I write about how there’s an oversupply of PhDs and research talent in the US and elsewhere, but not enough of them have come knocking on India’s doors just yet:

American academia has been in trouble for the better part of the past decade. Till the advent of MOOCs, productivity has not changed much in higher education for about a century. As a result, university education has seen a high amount of inflation. To keep costs low, universities started supplying ever higher number of PhD students – who can be cheap research and teaching labour as RAs and TAs respectively. Thanks to this oversupply, you have hundreds of talented people applying for each tenure-track position in the sciences, for example. As Ajit Balakrishnan points out in Business Standard, this has led to the creation of a lot of “adjunct” temporary faculty positions in a space considered to be dominated by tenure.

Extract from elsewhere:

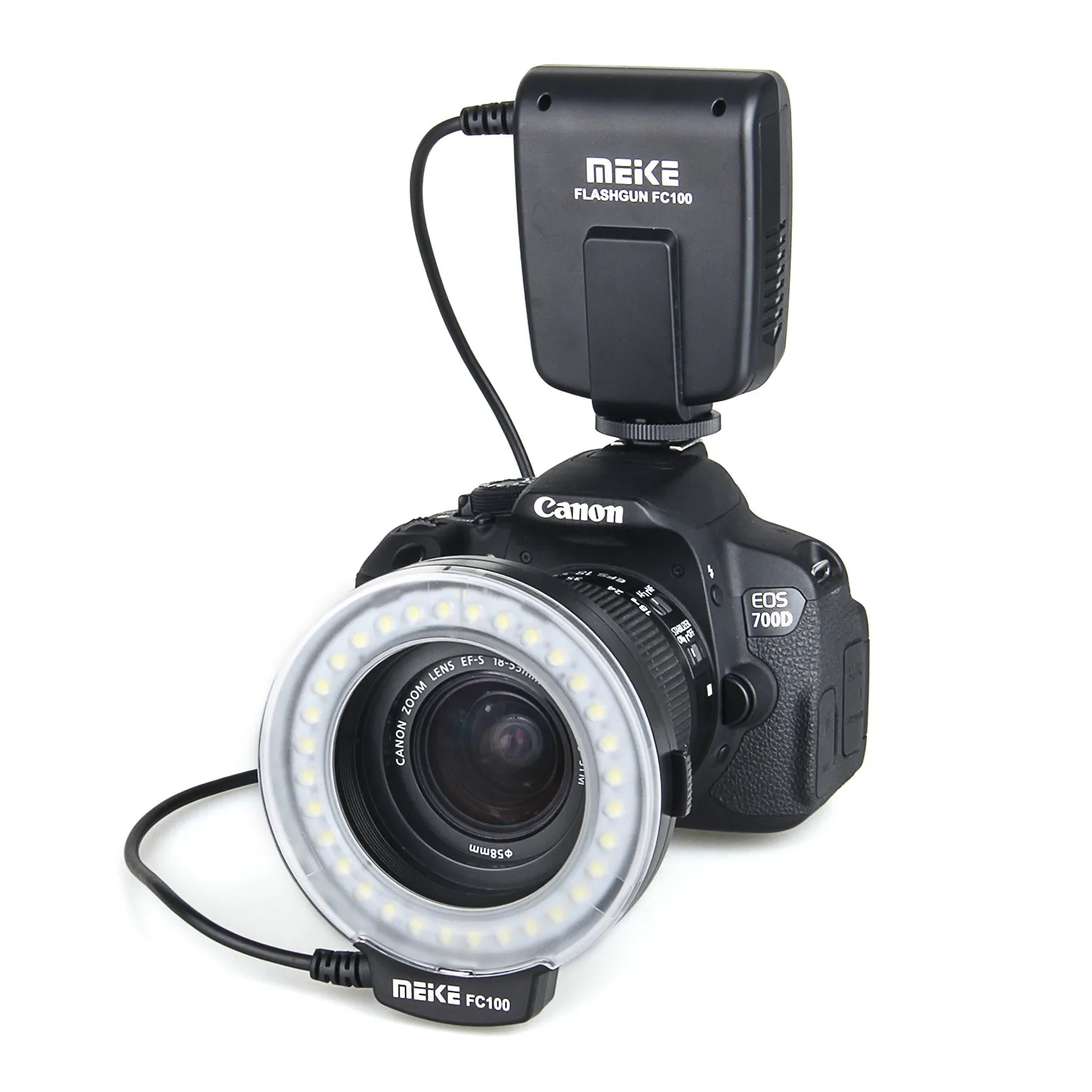 Meike FC-100 FC100 с макрокольцевой вспышкой/светильник MK FC 100 для Canon EOS 650D 600D 60D 7D 550D 1100D T5i T4i T3i T3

Unfortunately, India has been poorly positioned to take advantage in this acute oversupply of talented PhDs and post doctoral researchers. This is especially surprising given that a significant number of them are Indian or of Indian origin. With the salient exception of a few people and a few Indian institutions, most researchers prefer to eke out a modest living on uncertain terms rather than come back and work in Indian academia.

We witnessed a smaller version of something similar happening when NASA started getting budget cuts in the last two decades, thereby being forced to lay off good aerospace talent – again with a lot of them being of Indian origin. India’s space agency ISRO benefited little by maintaining an insular hiring policy. Quite unfortunate for an organisation whose second director – Dr UR Rao – was wooed back to India by a visionary Vikram Sarabhai well before India had a dedicated space agency.

[Read the full piece over at Policy Wonks]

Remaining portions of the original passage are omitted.